The cards are labelled as conventional Tarot cards, but their subject matter and information content is historical. The first, ‘0’, is ‘The Fool’ – none other, here, than Aldous Huxley. The writing that surrounds a sketch of his face includes, amongst other things, ‘1954 The Doors of Perception,’ ‘Vedanta Society California,’ and ‘LSD’ – it tells us what Treister considers most relevant about the man, what he wrote and what he was into. ‘I The Magician’ is Timothy Leary, presented similarly. ‘II The High Priestess,’ is not a person but the Macy Conferences held in the US between 1946 and 1953, in which cybernetics as a distinct field is conventionally held to have been born. Treister lists many of the attendees at the meetings (though not quite all – where is Grey Walter, for instance?) and tells us a little about the background and interdisciplinarity of these meetings (including a statement that the meetings were ‘US government funded,’ though actually the money came from the Josiah Macy Jr Foundation – hence the name). And so on.

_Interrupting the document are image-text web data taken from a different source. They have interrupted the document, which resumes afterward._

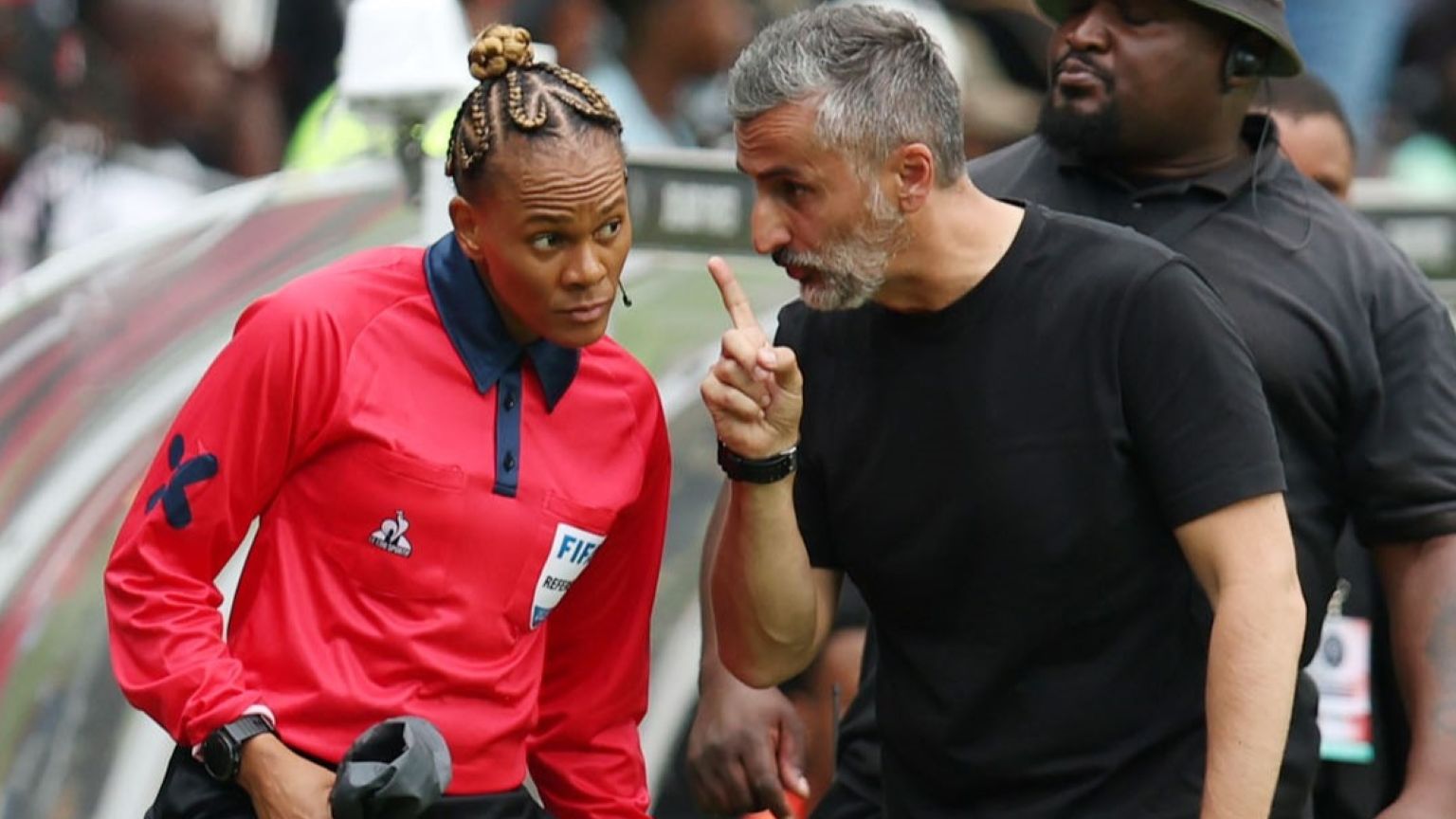Jose Riveiro of Orlando Pirates and referee Akhona Makalima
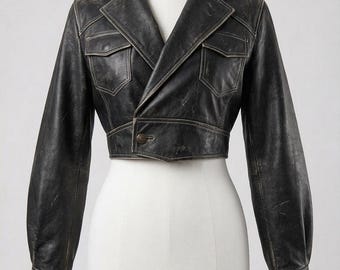 May include: A cropped black leather jacket featuring a distressed finish, a wide notched collar, and long sleeves with cuffs. The jacket includes two chest pockets with flaps and a single button closure at the front waist, showcasing visible stitching.
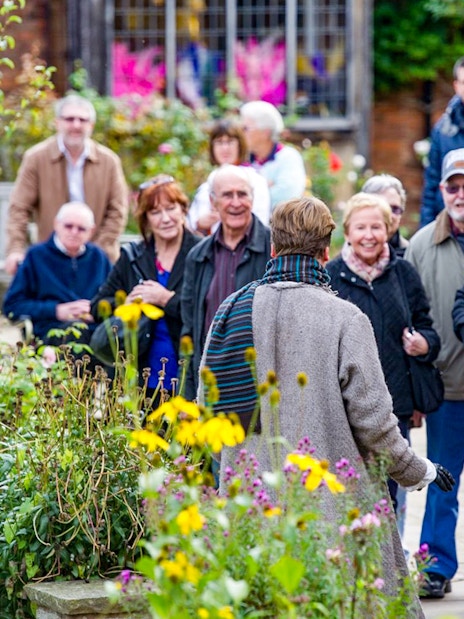 Group enjoying a guided tour in a garden setting.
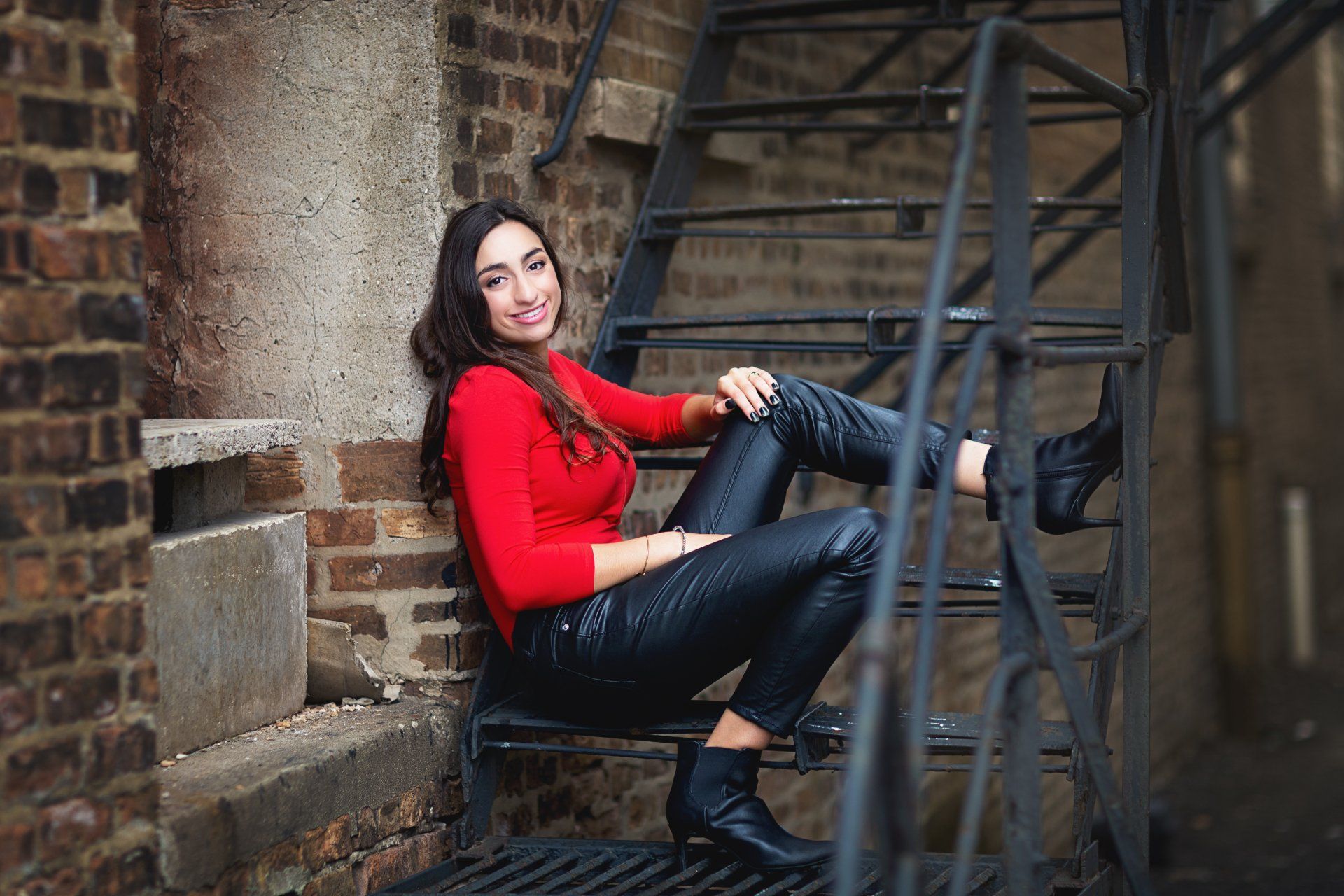 A woman in a red sweater and black pants is sitting on a fire escape.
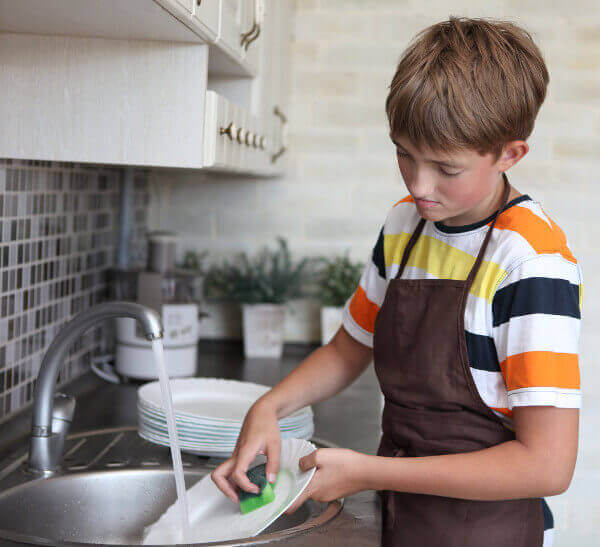 Un enfant faisant la vaisselle.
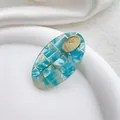 Primer plano de pinza de acetato ovalada con textura de concha verde azulado y logo dorado - Redondo Azul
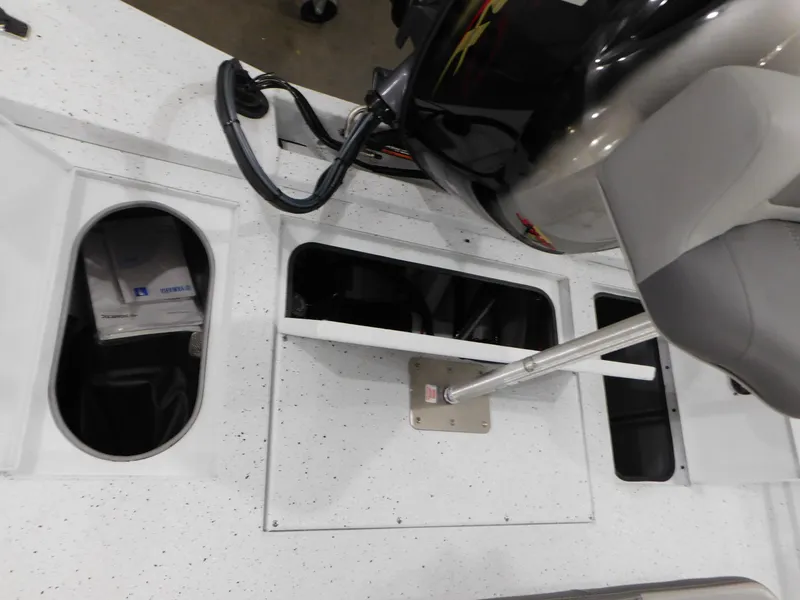Slide: The Image of 2023 Xpress H190B boat interior with storage compartments and motor. - 28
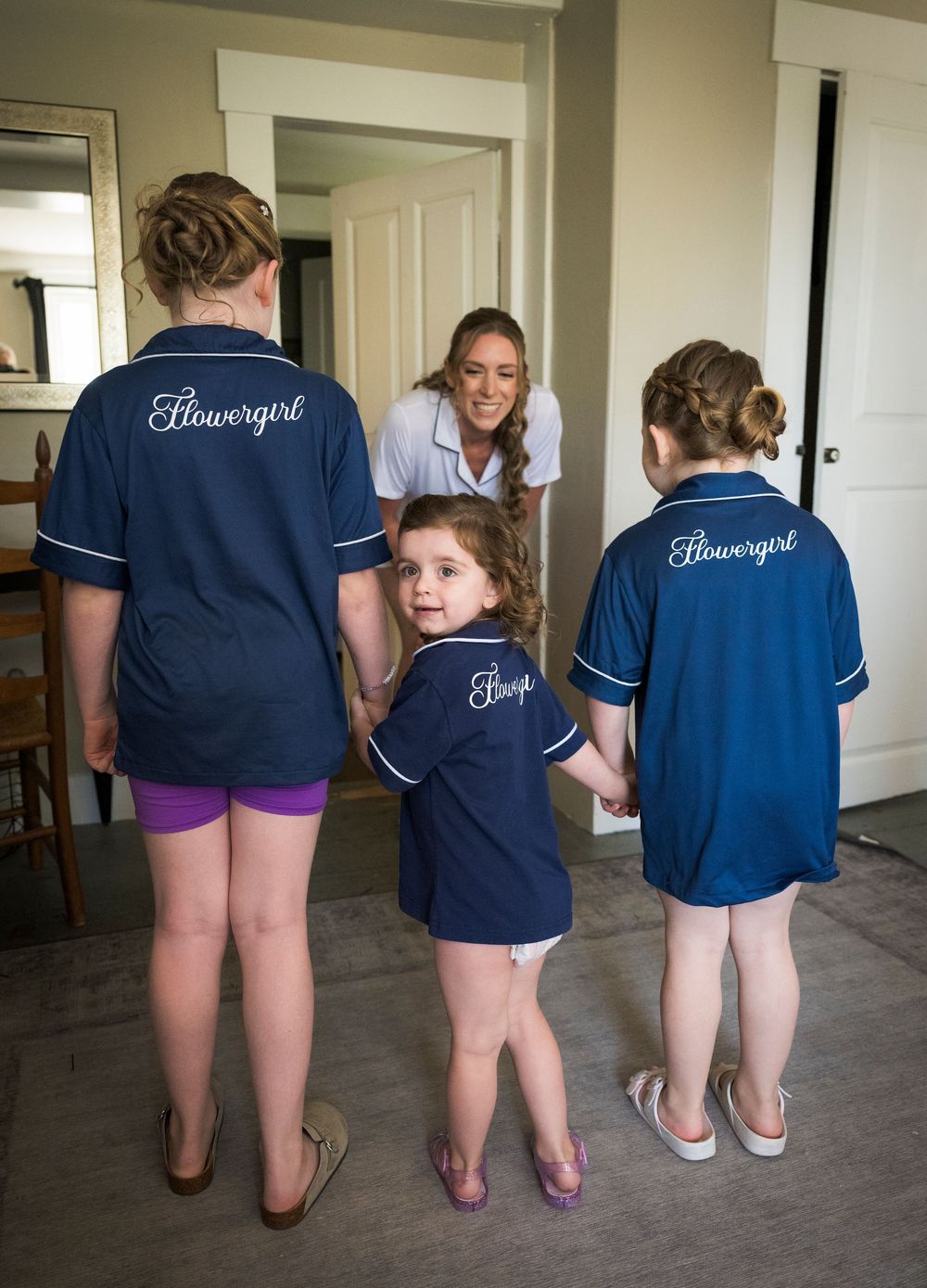 Back view of matching navy bridesmaid outfits with monogrammed text.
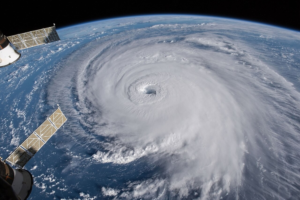 A tropical cyclone’s eye and spiral clouds photographed from space
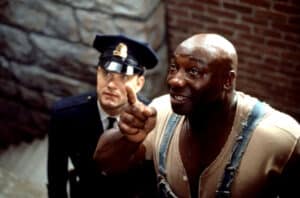 Espectro luminoso del cine 3 Tom Hanks y Michael Clarke Duncan en “La milla verde”, película de 1999.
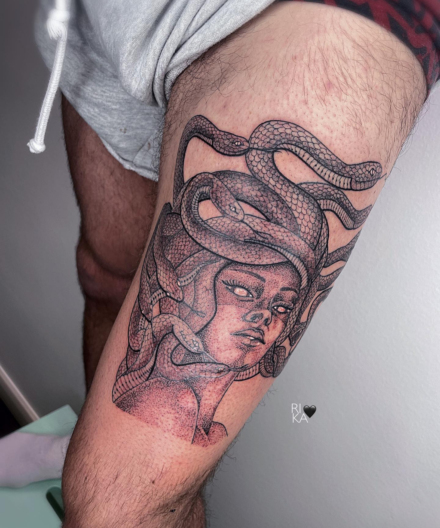 Compositions with snakes in tattoos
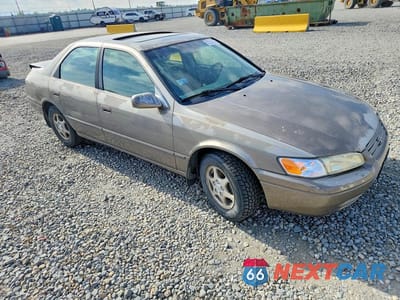 Czwarte zdjęcie samochodu z boku: 1999 TOYOTA CAMRY LE VIN:JT2BG28K2X0343353 - miniatura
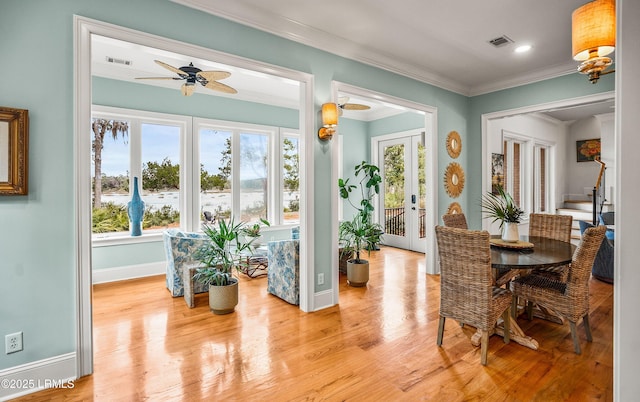 dining space with french doors, crown molding, visible vents, light wood-style flooring, and baseboards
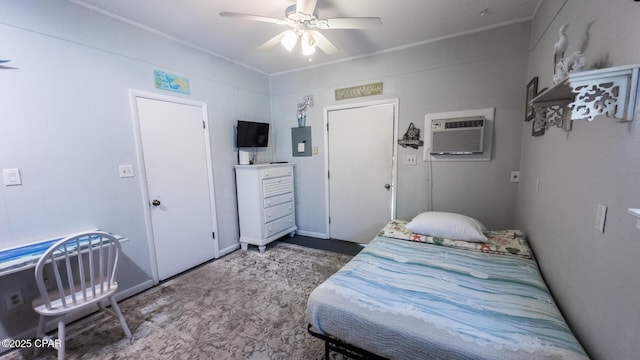 bedroom with crown molding, a ceiling fan, and a wall mounted air conditioner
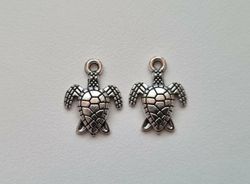 2 st sköldpaddor. Berlocker / charms / hängen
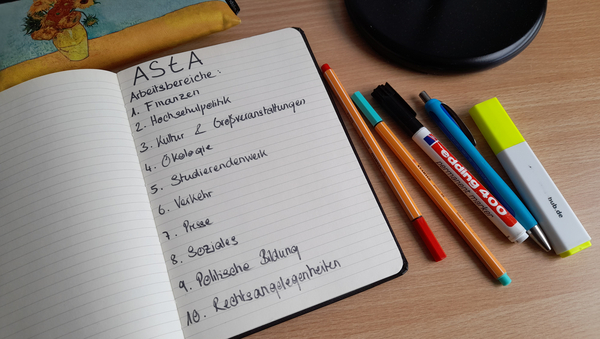 In einem aufgeschlagenen Notizbuch sind die Arbeitsbereiche des AStA niedergeschrieben. Ringsum liegen Stifte verteilt.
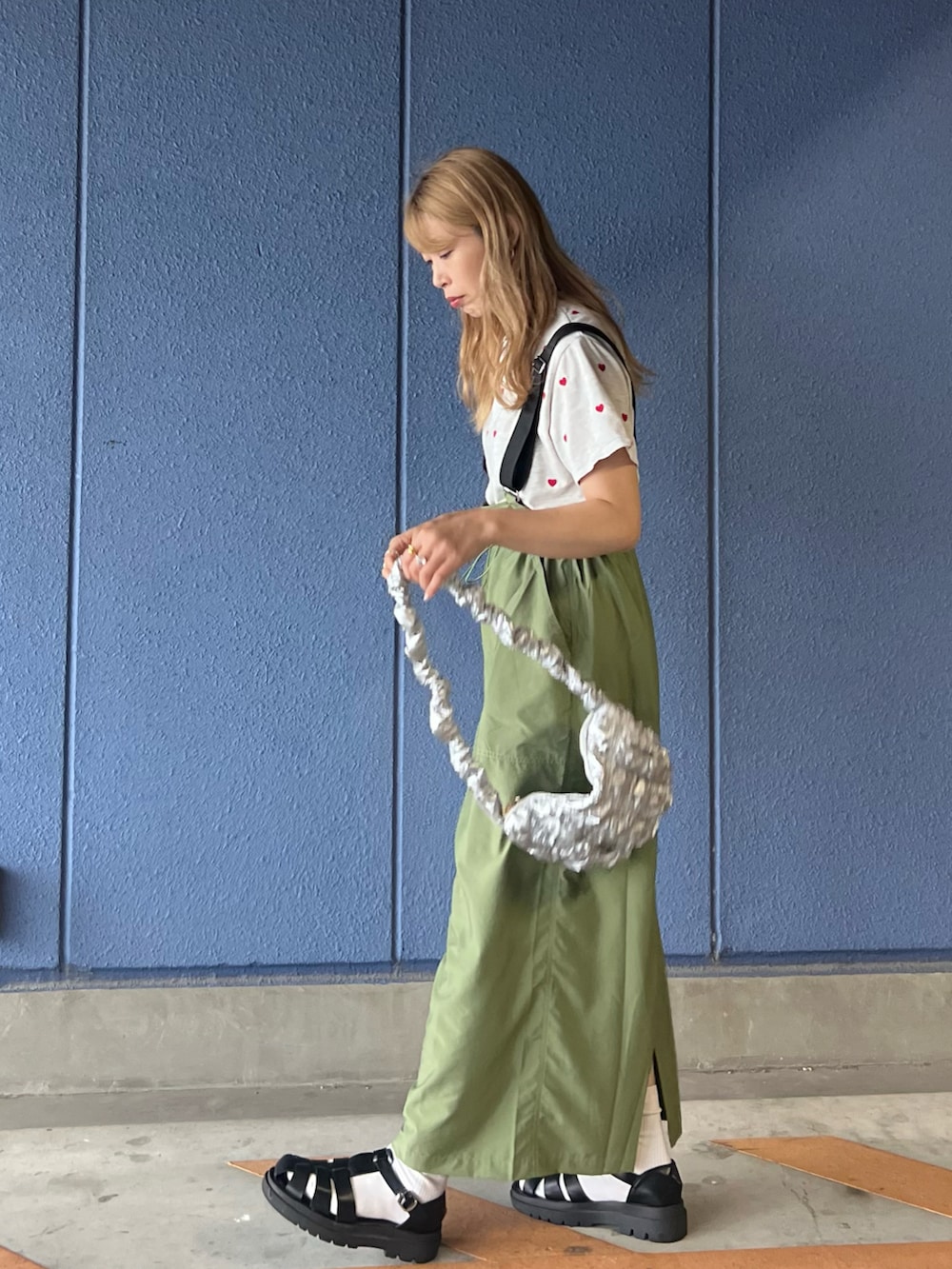 グリーン系のジャンパースカート、ベージュ系のTシャツ/カットソー、シルバー系のハンドバッグを着用したレディースの夏コーディネートの3枚目の写真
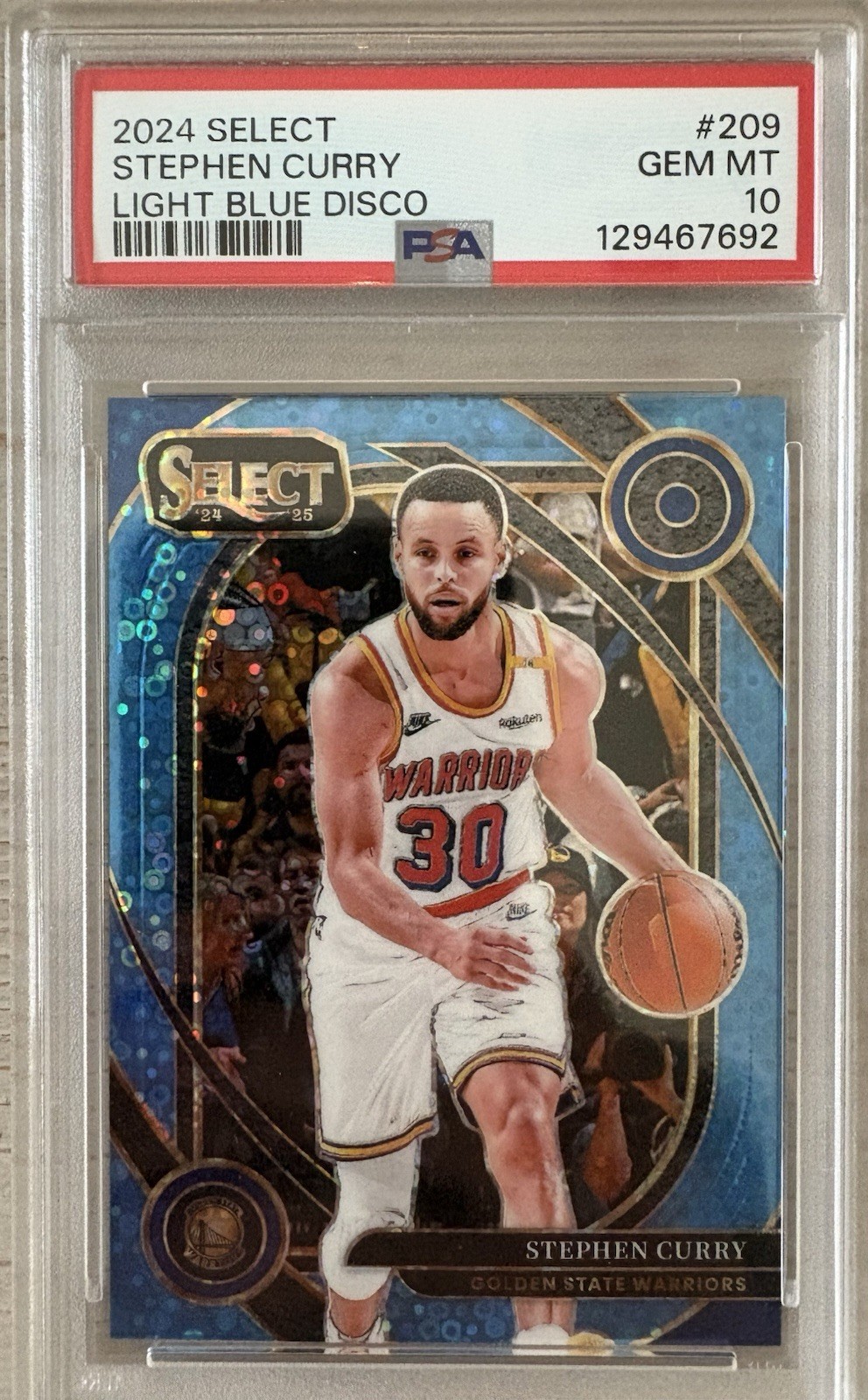 2024-25 Panini Select Courtside Stephen Curry #209 Light Blue Disco #/99 PSA 10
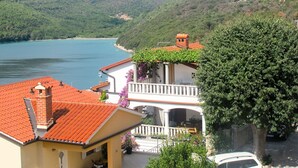 A coastal villa with a red-tiled roof, a balcony with potted plants, and a view of the sea and hills. - Violetta by Interhome (Labin)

The cards are reproduced at a larger scale in the book, which begins with a short introductory essay by Lars Bang Larsen and five new images or maps, ‘historical diagrams, which function as the key to the project’ and which, so to speak, put the Tarot cards in their place, indicating how they can fit into a bigger picture. The bigger picture is, however, by no means straightforward. The maps are dense with text laid out radially, with an all-seeing eye at the centre of the first, surrounded initially by ‘Tavistock Institute CIA,’ ‘Unabomber Manifesto,’ ‘Cybernetics,’ ‘Macy conferences’ and ‘MK Ultra,’ followed by clouds of further information on novelists, philosophers, film-makers and intellectual and political movements. This map is labelled ‘From Diogenes of Sinope to Anarcho-Primitivism and the Unabomber via Science-Fiction.’ The labels of the other maps refer to MKUltra, the counterculture, technogaianism, national socialism, cybernetics and the Macys again, neo-totalitarianism, the computer, the Antikithera mechanism, quantum telepathology, Arpanet, Darwars and the internet. We get the idea, even if we aren’t quite sure what the Antikithera mechanism and MKUltra were without reading the cards (an ancient Greek mechanical computing device and a CIA mind-control programme respectively).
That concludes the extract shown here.